Lenovo begrüßte die Entscheidung der Münchener Richter: „Wir freuen uns, dass das Oberlandesgericht München unserem Antrag auf Aussetzung der Vollstreckung des Münchner Urteils gegen Sicherheitsleistung stattgegeben hat, da mit hoher Wahrscheinlichkeit nicht erwartet werden kann, dass die Entscheidung in der Berufung aufrechterhalten wird“.
Lenovo, so stellte es Nokia im Vorfeld des Verkaufsstopps dar, sei bisher trotz des Gerichtsurteils nicht bereit gewesen, sich auf Verhandlungen über mögliche Lizenzgebühren für die Nutzung der Technologie einzulassen. Lenovo wiederum hatte Nokia zuvor vorgeworfen, zu viel Geld zu verlangen. Über die Höhe der Gebühren ist derweil aber nichts bekannt. Zudem, so der chinesische Hersteller, habe sich Nokia geweigert, sein geistiges Eigentum zu fairen und nicht-diskriminierenden Bedingungen zu lizenzieren, wie Bloomberg schreibt.
„Wir setzen uns weiterhin dafür ein, diese Angelegenheit unter fairen, vernünftigen und nicht diskriminierenden (FRAND) Bedingungen zu klären. Wir sind nach wie vor der Überzeugung, dass Nokia gegen seine eigenen rechtlichen Verpflichtungen verstoßen hat, indem es sich weigert, seine Technologie zu FRAND-Bedingungen an Lenovo oder unsere Drittanbieter zu lizenzieren“, hieß es in dem Lenovo-Statement.

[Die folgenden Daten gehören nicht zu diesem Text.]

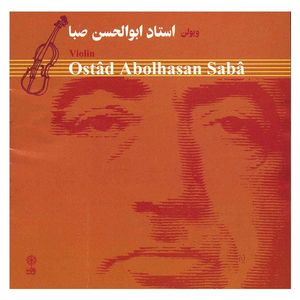 آلبوم موسیقی ویلن استاد ابوالحسن صبا - ابوالحسن صبا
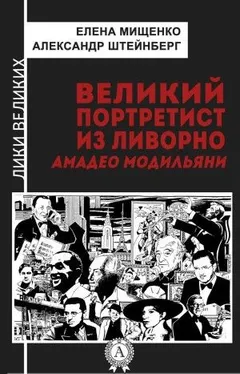 Великий портретист из Ливорно. Амедео Модильяни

Und weiter: „Dies ist ein richtungweisender Fall für die ganze Technologiebranche und einer, den wir weiterhin anfechten, da er die zukünftigen Voraussetzungen dafür schafft, dass unangemessene globale Patentlizenzgebühren den Zugang der Kunden zu erschwinglichen Innovationen nicht behindern.“
Auch in den USA droht Verkaufsstopp
Nokia und Lenovo streiten sich aber nicht nur in Deutschland um eine mögliche Lizenzierung der Patente. Auch in den USA, Brasilien und Indien beschäftigen sich Gerichte mit dem Fall. In den USA etwa prüft die Handelsbehörde ITC, ob wegen der Beschwerde der Finnen ein vorübergehendes Verkaufsverbot wie in Deutschland erlassen werden müsste. Ein solcher Verkaufsstopp, so Beobachter, bringt normalerweise die Streitparteien schnell wieder an den Verhandlungstisch.
Auch der deutsche Autobauer Daimler steht übrigens unter Beschuss von Nokia. Ende Oktober sollte das Gericht in München auch hier entscheiden, ob Nokia-Patente verletzt wurden. Bisher ist aber noch kein Urteil bekannt geworden. Mitte August hatte der finnische Netzwerkausrüster vor dem Landgericht Mannheim schon einen Etappensieg in der Auseinandersetzung errungen. Allerdings ging es dabei um eine Technologie zur effizienten Kommunikation von Autos mit LTE-Mobilfunknetzen. Auch hier steht allerdings ein Verkaufsverbot im Raum.